*** Opening Data for the task ***
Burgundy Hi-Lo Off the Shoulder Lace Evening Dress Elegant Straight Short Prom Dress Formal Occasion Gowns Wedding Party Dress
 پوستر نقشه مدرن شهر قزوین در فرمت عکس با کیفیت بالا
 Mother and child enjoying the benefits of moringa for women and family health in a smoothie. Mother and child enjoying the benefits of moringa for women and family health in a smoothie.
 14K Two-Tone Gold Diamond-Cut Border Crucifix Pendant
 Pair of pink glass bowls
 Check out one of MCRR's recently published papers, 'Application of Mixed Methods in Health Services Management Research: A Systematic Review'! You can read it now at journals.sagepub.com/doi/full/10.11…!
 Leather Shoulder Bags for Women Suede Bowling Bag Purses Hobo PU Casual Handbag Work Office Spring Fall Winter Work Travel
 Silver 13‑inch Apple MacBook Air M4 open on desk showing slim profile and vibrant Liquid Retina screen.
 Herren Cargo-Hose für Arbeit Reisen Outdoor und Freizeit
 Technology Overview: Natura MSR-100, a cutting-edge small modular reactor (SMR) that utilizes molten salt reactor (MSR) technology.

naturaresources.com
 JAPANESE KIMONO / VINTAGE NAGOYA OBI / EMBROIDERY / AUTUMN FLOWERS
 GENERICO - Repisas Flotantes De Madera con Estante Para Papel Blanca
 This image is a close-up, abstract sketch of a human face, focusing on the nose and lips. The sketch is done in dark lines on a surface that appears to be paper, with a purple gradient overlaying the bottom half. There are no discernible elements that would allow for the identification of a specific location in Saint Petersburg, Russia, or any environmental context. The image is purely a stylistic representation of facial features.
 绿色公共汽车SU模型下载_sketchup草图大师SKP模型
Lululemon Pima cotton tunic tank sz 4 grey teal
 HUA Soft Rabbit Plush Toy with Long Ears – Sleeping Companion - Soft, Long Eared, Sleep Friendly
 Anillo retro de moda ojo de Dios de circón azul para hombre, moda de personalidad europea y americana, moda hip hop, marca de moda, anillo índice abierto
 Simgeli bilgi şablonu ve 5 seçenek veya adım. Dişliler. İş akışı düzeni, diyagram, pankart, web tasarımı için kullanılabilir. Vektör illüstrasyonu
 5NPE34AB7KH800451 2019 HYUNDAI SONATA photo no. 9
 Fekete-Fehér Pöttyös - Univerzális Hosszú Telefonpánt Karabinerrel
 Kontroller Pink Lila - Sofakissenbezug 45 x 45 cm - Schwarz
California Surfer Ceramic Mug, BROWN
*** Closing Data for the task ***
**Problem:** Search the records above for the string "Shoulder". Copy every line that contains it.

**Exercise answer:**
Burgundy Hi-Lo Off the Shoulder Lace Evening Dress Elegant Straight Short Prom Dress Formal Occasion Gowns Wedding Party Dress
 Leather Shoulder Bags for Women Suede Bowling Bag Purses Hobo PU Casual Handbag Work Office Spring Fall Winter Work Travel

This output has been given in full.